- Supplied data -
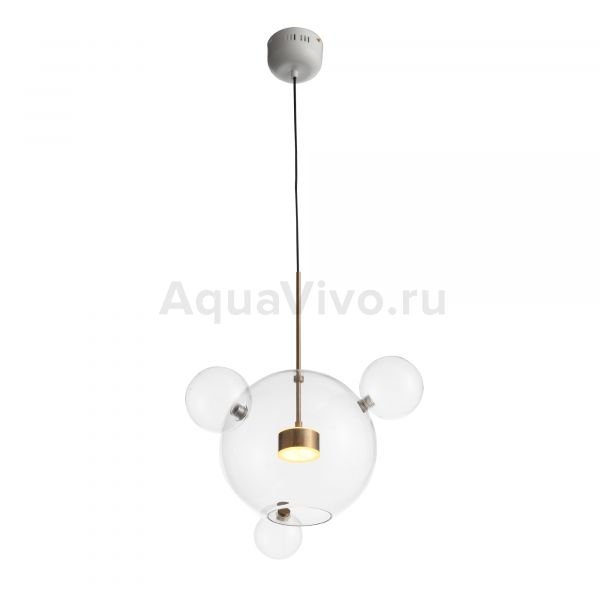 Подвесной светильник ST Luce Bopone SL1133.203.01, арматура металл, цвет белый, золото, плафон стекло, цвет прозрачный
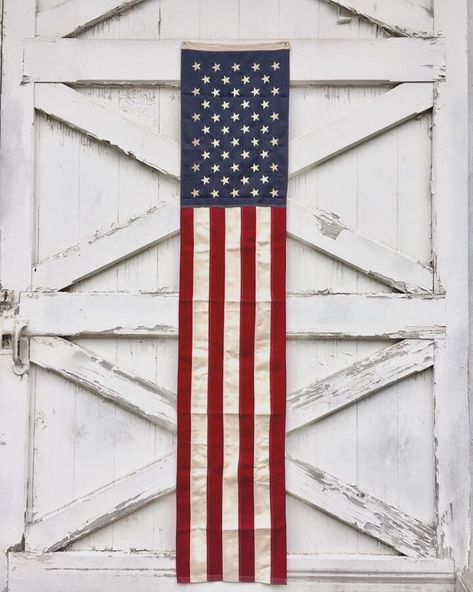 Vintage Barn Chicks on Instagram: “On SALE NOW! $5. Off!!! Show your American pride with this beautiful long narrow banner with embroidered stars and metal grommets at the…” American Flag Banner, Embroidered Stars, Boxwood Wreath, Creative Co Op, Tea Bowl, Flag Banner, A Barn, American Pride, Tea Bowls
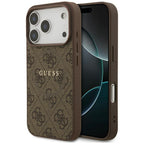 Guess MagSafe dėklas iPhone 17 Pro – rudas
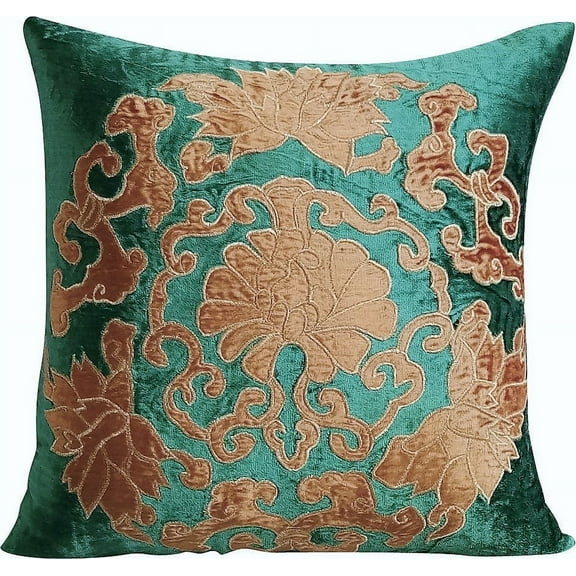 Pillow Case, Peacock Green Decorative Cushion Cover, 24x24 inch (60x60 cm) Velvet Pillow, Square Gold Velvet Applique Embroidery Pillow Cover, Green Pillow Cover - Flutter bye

- Directions for this task -
All of the listing above has to be reproduced exactly, though without its images.

- Answer section -
 Подвесной светильник ST Luce Bopone SL1133.203.01, арматура металл, цвет белый, золото, плафон стекло, цвет прозрачный
 Vintage Barn Chicks on Instagram: “On SALE NOW! $5. Off!!! Show your American pride with this beautiful long narrow banner with embroidered stars and metal grommets at the…” American Flag Banner, Embroidered Stars, Boxwood Wreath, Creative Co Op, Tea Bowl, Flag Banner, A Barn, American Pride, Tea Bowls
 Guess MagSafe dėklas iPhone 17 Pro – rudas
 Pillow Case, Peacock Green Decorative Cushion Cover, 24x24 inch (60x60 cm) Velvet Pillow, Square Gold Velvet Applique Embroidery Pillow Cover, Green Pillow Cover - Flutter bye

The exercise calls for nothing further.